# girling 60 vs giling 54???



## 91jettakid (Feb 16, 2010)

*girling 60 vs girling 54???*

what would be the better upgrade for an mk2 jetta? what are the pros and cons for each?




_Modified by 91jettakid at 9:44 AM 5-4-2010_


----------



## 91jettakid (Feb 16, 2010)

*Re: girling 60 vs girling 54??? (91jettakid)*

Anyone?


----------



## Deadzero2005 (Apr 13, 2006)

*Re: girling 60 vs girling 54??? (91jettakid)*

Well I have the Girling 60 on my Corrado (Which was cake to install) and I love it. The next thing on the list to complimant the upgrade is a bigger Audi 90 Quattro Coupe Brake Master Cylinder 25.3mm (I believe). This will maximize the Girling 60 Caliper Bite.
It all depends on what ur going to be using the car for.....
If you are using the car for autox, track time trials, etc. I would use the Girling G54. Surface area is not as great as the Girling 60 but its a lighter caliper.
But if you have a modified street car that u want to make sure u stop before tattooing a foreign object, then I suggest u go with the Girling 60 along with the Brake Master Cylinder Upgrade (If it applies to ur car). http://****************.com/smile/emthup.gif http://****************.com/smile/emthup.gif


----------



## 91jettakid (Feb 16, 2010)

*Re: girling 60 vs girling 54??? (Deadzero2005)*

My car is just going to be a street car.
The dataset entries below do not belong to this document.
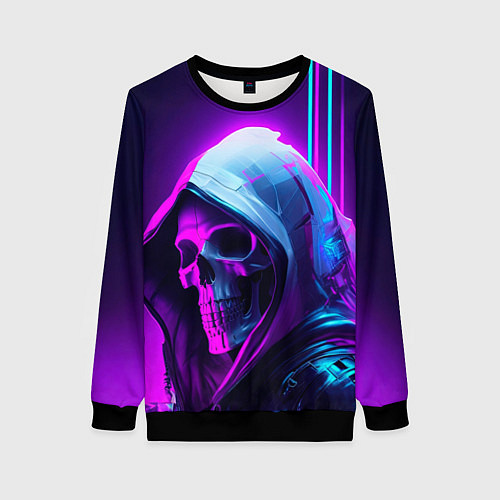 Женский свитшот Череп в неоновом свете / 3D-Черный – фото 1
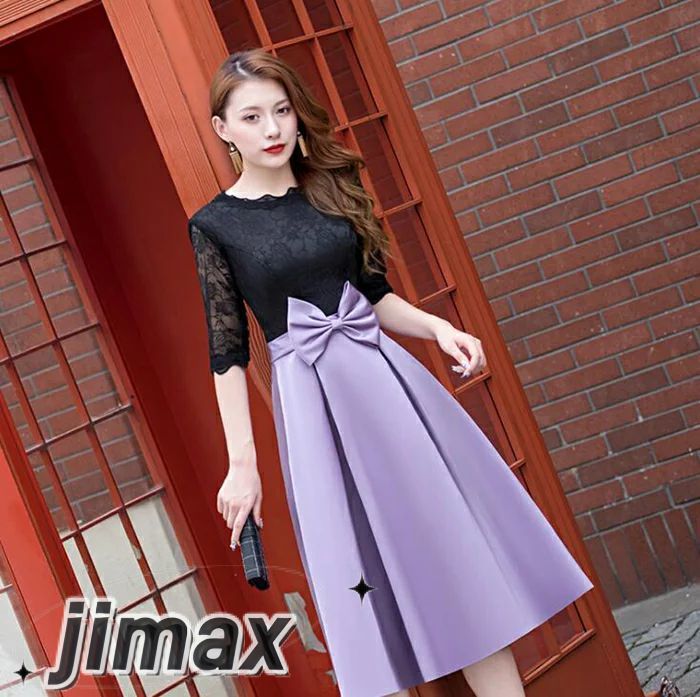 結婚式 ワンピース 綺麗なレースの五分袖ドレス パーティードレス 大きいサイズ 袖あり 秋 冬 秋冬 レース＆刺繍 袖レース 小さいサイズ お呼ばれ 他と被らない ドレス 二次会 披露宴 お呼ばれドレ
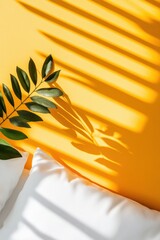 Poster - Minimalist Wellness Design Vibrant Yellow Aesthetic with Tropical Leaf Shadow Play - Contemporary Lifestyle Inspiration for Mindful Interior Styling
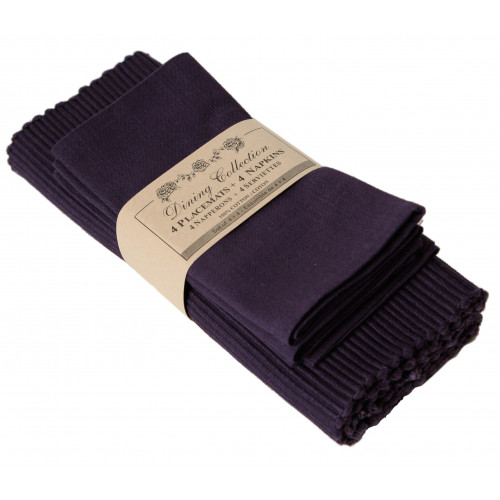 AG-05325 4 Placemats Plus 4 Napkins Set, Purple Dark
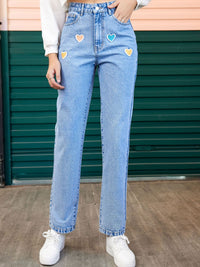 Thumbnail for Heart Straight Leg Jeans with Pockets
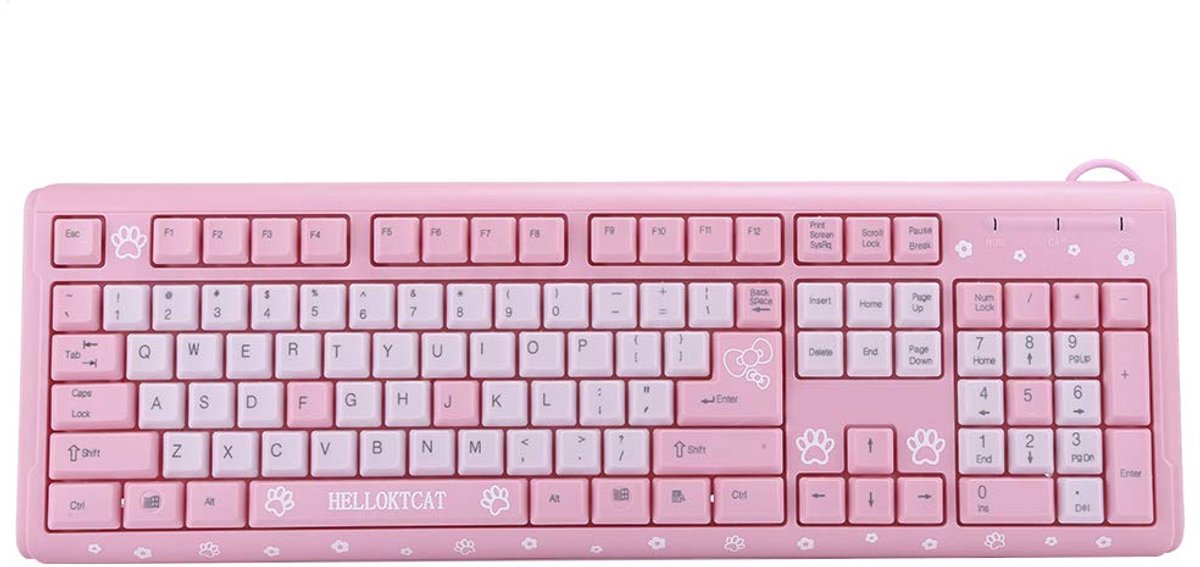 SnelShoppen - Roze Toetsenbord Ultradun USB Bedraad Toetsenbord voor Laptop en Computer - Schattig Cartoon Design voor Thuiskantoor, Gaming en Kindere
So I don't think the extra 10lbs will make a very noticable difference. And I just want it to be able to stop fast. 
Will the 25.3mm master cylinder bolt right on?


----------



## Deadzero2005 (Apr 13, 2006)

*Re: girling 60 vs girling 54??? (91jettakid)*

Iam not 100% sure on a MK2 Jetta but I know it bolts right up to the Corrado http://****************.com/smile/emthup.gif


----------



## 91jettakid (Feb 16, 2010)

*Re: girling 60 vs girling 54??? (Deadzero2005)*

I'm pretty sure it will because corrado master cylinders
fit. 
I think I'll just use my 22mm for now though. I don't really wanna spend
$150 on master cylinder atm


----------